*Dataset extract*:
##############################
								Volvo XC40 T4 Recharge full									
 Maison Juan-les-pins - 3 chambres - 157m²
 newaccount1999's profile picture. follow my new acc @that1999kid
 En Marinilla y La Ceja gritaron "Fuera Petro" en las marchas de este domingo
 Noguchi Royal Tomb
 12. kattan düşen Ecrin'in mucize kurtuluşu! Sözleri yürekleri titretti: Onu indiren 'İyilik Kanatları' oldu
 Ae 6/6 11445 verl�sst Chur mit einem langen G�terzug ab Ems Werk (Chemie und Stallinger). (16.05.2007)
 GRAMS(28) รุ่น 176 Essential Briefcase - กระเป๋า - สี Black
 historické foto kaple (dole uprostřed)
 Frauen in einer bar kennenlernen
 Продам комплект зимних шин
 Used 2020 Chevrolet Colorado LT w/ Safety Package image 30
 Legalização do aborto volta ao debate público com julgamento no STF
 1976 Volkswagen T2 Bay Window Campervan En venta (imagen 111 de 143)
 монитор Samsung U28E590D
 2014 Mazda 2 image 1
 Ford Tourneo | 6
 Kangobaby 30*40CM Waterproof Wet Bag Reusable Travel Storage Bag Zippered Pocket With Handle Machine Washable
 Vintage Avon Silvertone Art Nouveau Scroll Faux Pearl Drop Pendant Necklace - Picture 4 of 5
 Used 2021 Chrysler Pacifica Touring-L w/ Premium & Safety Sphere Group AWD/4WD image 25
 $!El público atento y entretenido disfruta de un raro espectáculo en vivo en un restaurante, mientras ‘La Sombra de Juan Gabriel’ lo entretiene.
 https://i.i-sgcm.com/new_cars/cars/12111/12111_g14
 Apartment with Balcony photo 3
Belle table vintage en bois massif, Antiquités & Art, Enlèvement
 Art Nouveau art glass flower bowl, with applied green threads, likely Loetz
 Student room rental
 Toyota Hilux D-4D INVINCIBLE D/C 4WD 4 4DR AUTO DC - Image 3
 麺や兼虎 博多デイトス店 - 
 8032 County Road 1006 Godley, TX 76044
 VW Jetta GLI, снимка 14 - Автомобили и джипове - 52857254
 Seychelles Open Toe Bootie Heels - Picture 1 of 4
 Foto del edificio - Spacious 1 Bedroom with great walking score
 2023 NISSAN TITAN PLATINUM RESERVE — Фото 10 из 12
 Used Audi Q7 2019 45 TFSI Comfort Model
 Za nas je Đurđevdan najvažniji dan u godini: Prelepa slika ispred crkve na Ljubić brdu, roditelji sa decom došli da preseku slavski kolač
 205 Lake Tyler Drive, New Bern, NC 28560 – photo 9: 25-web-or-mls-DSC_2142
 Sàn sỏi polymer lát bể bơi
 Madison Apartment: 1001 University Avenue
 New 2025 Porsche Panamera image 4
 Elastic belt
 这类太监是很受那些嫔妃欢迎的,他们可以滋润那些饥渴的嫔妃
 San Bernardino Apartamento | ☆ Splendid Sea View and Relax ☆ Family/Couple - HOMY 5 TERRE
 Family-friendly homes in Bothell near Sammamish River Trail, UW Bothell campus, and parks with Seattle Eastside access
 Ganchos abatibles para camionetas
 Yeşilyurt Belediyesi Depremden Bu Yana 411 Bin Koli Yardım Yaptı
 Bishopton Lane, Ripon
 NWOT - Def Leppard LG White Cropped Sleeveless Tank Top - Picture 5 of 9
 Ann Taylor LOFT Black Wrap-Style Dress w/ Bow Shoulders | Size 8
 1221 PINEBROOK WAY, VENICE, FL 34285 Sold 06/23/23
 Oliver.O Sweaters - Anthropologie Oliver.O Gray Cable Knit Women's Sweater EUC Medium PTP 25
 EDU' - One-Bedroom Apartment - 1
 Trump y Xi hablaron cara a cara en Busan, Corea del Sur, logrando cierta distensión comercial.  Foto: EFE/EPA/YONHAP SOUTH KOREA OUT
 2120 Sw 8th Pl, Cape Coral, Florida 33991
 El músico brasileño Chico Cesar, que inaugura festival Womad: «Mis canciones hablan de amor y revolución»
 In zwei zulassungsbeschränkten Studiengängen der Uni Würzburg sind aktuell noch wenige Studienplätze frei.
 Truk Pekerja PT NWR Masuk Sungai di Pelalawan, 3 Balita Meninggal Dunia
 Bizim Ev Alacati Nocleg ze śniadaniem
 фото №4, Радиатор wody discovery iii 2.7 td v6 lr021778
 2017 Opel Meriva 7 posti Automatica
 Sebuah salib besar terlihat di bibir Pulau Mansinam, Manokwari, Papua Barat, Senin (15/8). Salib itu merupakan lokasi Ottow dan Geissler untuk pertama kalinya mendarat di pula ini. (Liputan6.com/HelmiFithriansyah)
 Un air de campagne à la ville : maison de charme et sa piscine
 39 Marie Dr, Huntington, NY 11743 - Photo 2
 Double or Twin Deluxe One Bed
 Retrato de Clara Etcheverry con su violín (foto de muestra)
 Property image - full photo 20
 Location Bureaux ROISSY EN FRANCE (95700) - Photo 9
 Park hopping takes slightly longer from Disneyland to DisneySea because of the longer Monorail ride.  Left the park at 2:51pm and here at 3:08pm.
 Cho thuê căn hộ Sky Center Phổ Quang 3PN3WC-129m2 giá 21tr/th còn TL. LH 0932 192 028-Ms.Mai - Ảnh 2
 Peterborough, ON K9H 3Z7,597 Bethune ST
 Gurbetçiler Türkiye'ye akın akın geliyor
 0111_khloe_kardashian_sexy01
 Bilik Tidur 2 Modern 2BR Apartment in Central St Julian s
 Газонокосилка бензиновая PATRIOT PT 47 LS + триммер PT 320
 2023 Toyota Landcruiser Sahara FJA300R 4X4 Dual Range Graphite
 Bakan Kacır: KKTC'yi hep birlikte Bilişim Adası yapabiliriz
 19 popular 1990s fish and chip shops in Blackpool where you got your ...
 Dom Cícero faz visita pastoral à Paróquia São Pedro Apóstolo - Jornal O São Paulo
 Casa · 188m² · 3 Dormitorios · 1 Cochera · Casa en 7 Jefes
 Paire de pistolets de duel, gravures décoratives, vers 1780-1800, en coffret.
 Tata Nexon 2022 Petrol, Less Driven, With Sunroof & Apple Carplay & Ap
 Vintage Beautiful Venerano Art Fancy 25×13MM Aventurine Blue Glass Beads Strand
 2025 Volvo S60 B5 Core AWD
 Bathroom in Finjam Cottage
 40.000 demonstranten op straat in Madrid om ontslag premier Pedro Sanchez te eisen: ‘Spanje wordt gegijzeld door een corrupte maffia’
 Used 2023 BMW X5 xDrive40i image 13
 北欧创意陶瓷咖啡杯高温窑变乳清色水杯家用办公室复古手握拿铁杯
##############################
*Work order*:
Starting with the line above that holds "8032 County Road 1006 Godley, TX 76044" and stopping with the line that holds "Bishopton Lane, Ripon", reproduce each line exactly, omitting all other lines.

*Your solution*:
 8032 County Road 1006 Godley, TX 76044
 VW Jetta GLI, снимка 14 - Автомобили и джипове - 52857254
 Seychelles Open Toe Bootie Heels - Picture 1 of 4
 Foto del edificio - Spacious 1 Bedroom with great walking score
 2023 NISSAN TITAN PLATINUM RESERVE — Фото 10 из 12
 Used Audi Q7 2019 45 TFSI Comfort Model
 Za nas je Đurđevdan najvažniji dan u godini: Prelepa slika ispred crkve na Ljubić brdu, roditelji sa decom došli da preseku slavski kolač
 205 Lake Tyler Drive, New Bern, NC 28560 – photo 9: 25-web-or-mls-DSC_2142
 Sàn sỏi polymer lát bể bơi
 Madison Apartment: 1001 University Avenue
 New 2025 Porsche Panamera image 4
 Elastic belt
 这类太监是很受那些嫔妃欢迎的,他们可以滋润那些饥渴的嫔妃
 San Bernardino Apartamento | ☆ Splendid Sea View and Relax ☆ Family/Couple - HOMY 5 TERRE
 Family-friendly homes in Bothell near Sammamish River Trail, UW Bothell campus, and parks with Seattle Eastside access
 Ganchos abatibles para camionetas
 Yeşilyurt Belediyesi Depremden Bu Yana 411 Bin Koli Yardım Yaptı
 Bishopton Lane, Ripon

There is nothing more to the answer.